Can we distinguish names that have a clear gender preference?
GenderNames <-
group_by(BabyNames, name, sex) %>%
summarise(cnt=sum(count)) %>%
spread(key=sex, value=cnt, fill=0) %>%
filter((F+M)>10000, F > 10*M | M > 10*F) %>%
mutate(sex = ifelse(F>M, "female", "male"))
Some features
GenderFeatures <-
GenderNames %>%
ungroup %>%
mutate(name = as.character(name),
startV = grepl("^[aeiou]", name),
endV = grepl("[aeiou]&", name),
twoV = grepl("[aeiou]{2,}", name),
threeV = grepl("[aeiou].?[aeiou].?[aeiou]", name),
nchar = nchar(name),
hasb = grepl("[Bb]", name)
)
How well can we classify the sex based on these features?
mod <- rpart(sex ~ startV + endV + twoV + threeV + nchar + hasb,
data=GenderFeatures, cp = 0.001)
rpart.plot::prp(mod, extra = 2)
preds <- as.data.frame(predict(mod)) %>%
mutate(pred_sex = ifelse(female > male, "female", "male"))

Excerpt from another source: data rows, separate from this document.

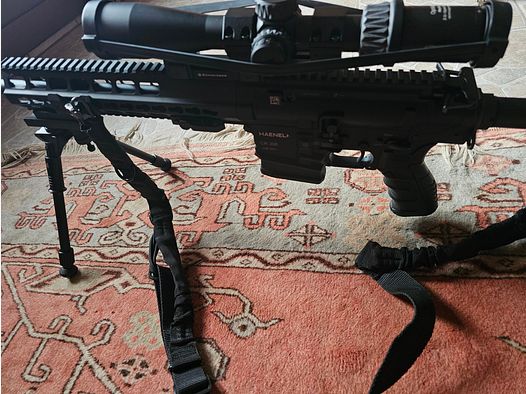 Haenel CR 308 AR 10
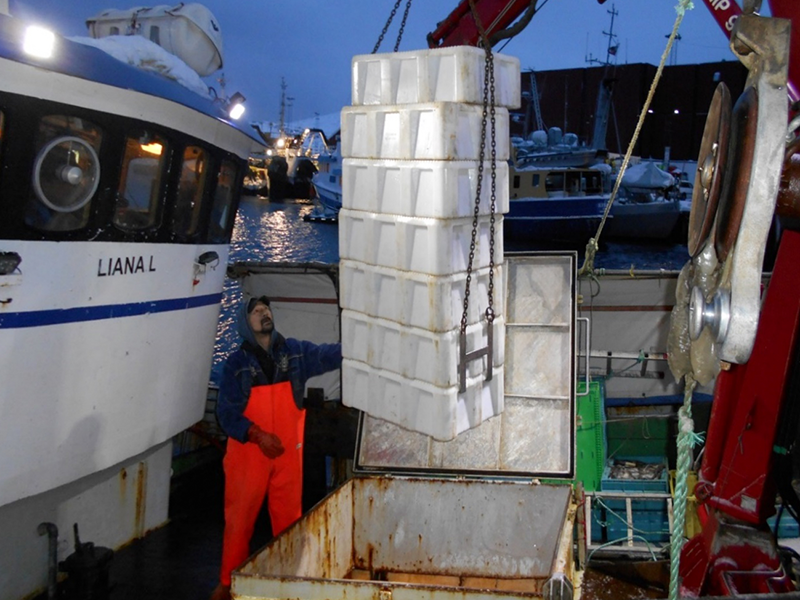 ボイルズワイガニ（原料）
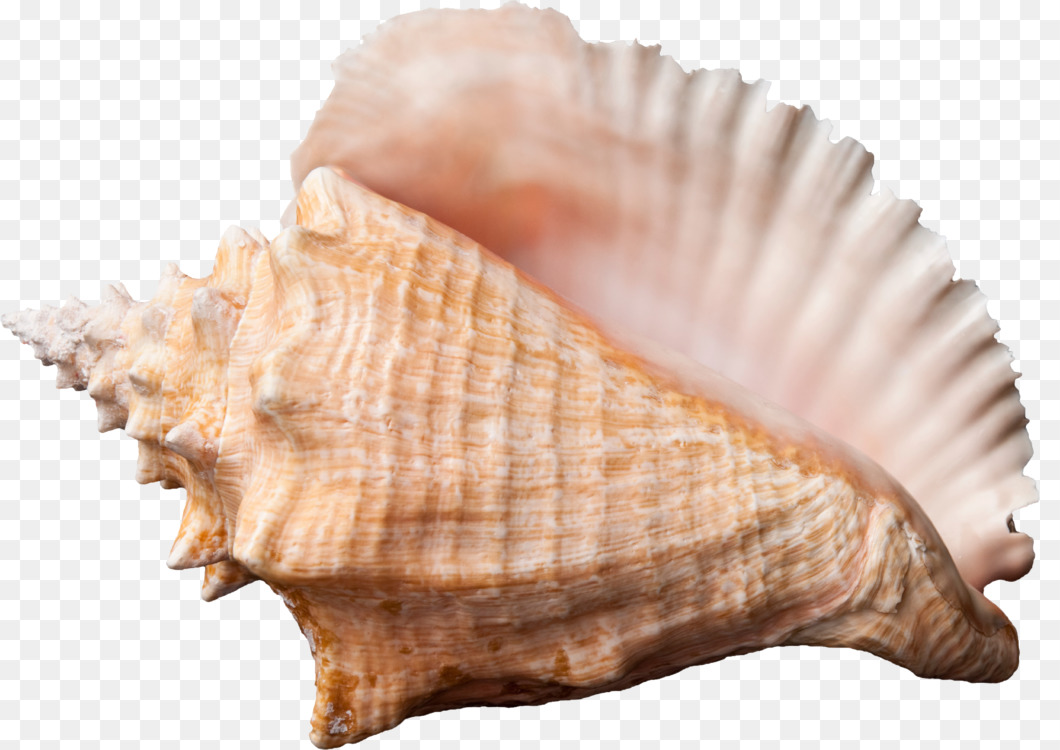 Kisscc0 Conch Seashell Image File Formats Clam Shankha Conch 5b4e6472b0a037.2523986415318641787235 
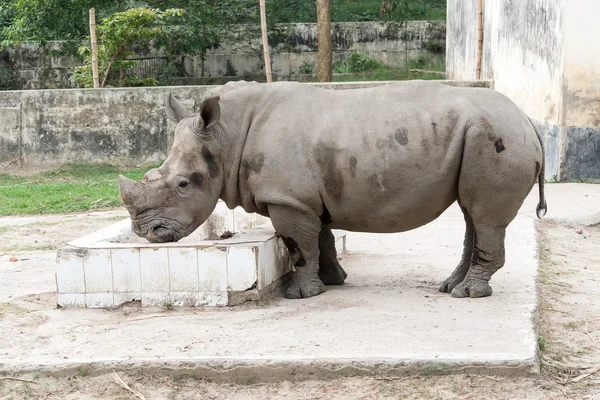 Носорог на фото из парка — стоковое фото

counts(sex ~ preds$pred_sex, data = GenderFeatures)
## preds$pred_sex
## sex female male
## female 54448 2225
## male 28052 3197
logistic_mod <- glm(sex == "female" ~ startV*endV*twoV*threeV*nchar*hasb, data = GenderFeatures, family = "binomial")
pred_sex <- ifelse(predict(logistic_mod) > 0.5, "female", "male")
counts(sex ~ pred_sex, data = GenderFeatures)
## pred_sex
## sex female male
## female 41646 15027
## male 16165 15084
# svm_mod <- svm(sex ~ ., data = GenderFeatures)